三崎荘
三崎荘(みさきのしょう)は、中世の下総国海上郡にあった荘園、海上荘ともいう。
治承4年(1180年)5月11日の皇嘉門院惣処分状に九条家領と見え、皇嘉門院から猶子九条兼実の長男良通に伝領されている。文治2年(1186年)の関東知行国乃貢未済荘々注文(『吾妻鏡』文治2年3月12日条)には殿下御領(近衛家領)と見えるが、建長2年(1250年)11月の九条道家惣処分状、建長8年(1256年)8月25日付九条家重書目録などに当荘が見え、元久元年(1204年)4月23日付宜穐門院宛の九条兼実置文には藤原忠通の時に最勝金剛院に寄付された院領の1つと見える。また、この間の正治元年(1199年)には、藤原定家が預所職とみられる下級所職を与えられ、正治2年(1200年)に当所職を辞退・返還したことが明月記に見える。
在地領主は平安時代末期には片岡氏であったが、『吾妻鏡』文治元年(1185年)10月28日条によれば、片岡常春は舅の佐竹義政に同心して源頼朝に謀反を企てたかどで当荘を収公され、代わって千葉常胤に与えられ、その後は千葉氏一族が領有した。建保6年(1218年)11月、東胤頼の孫胤行は当荘に下向したまま鎌倉に帰参せず、源実朝は和歌を詠じて参上を催促したという(『吾妻鏡』建保6年11月27日条)。

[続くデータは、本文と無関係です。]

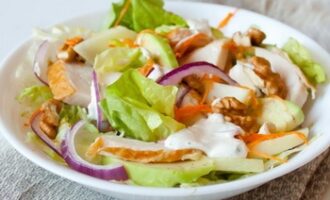 Салат с копченой курочкой, авокадо и яблоком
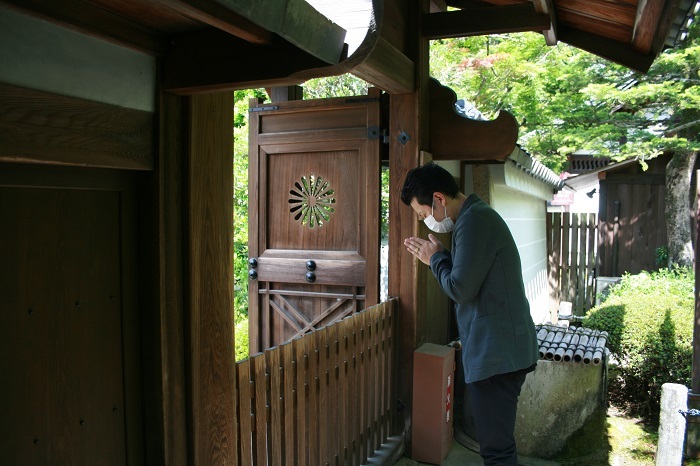 一休宗純の墓参をする扇治郎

その後当荘を領したのは胤行の弟胤方の系統で海上氏を称した。当荘内には円福寺があり、その別当職には胤方の弟である盛胤系統の本庄氏や海上氏一族が補任されていたことが、建武元年(1334年)の譲状などの円福寺文書によってわかる。
また、長禅寺所蔵愛染明王像の永禄12年(1569年)9月吉日付胎内墨書銘に「三崎荘横根郷野中長禅寺」と見え、常燈寺所蔵の大般若教巻408の天正4年(1576年)10月17日付奥書には「下総国三崎荘海上本庄浦内松岸村」に住む権少僧都照誉が書写したとある。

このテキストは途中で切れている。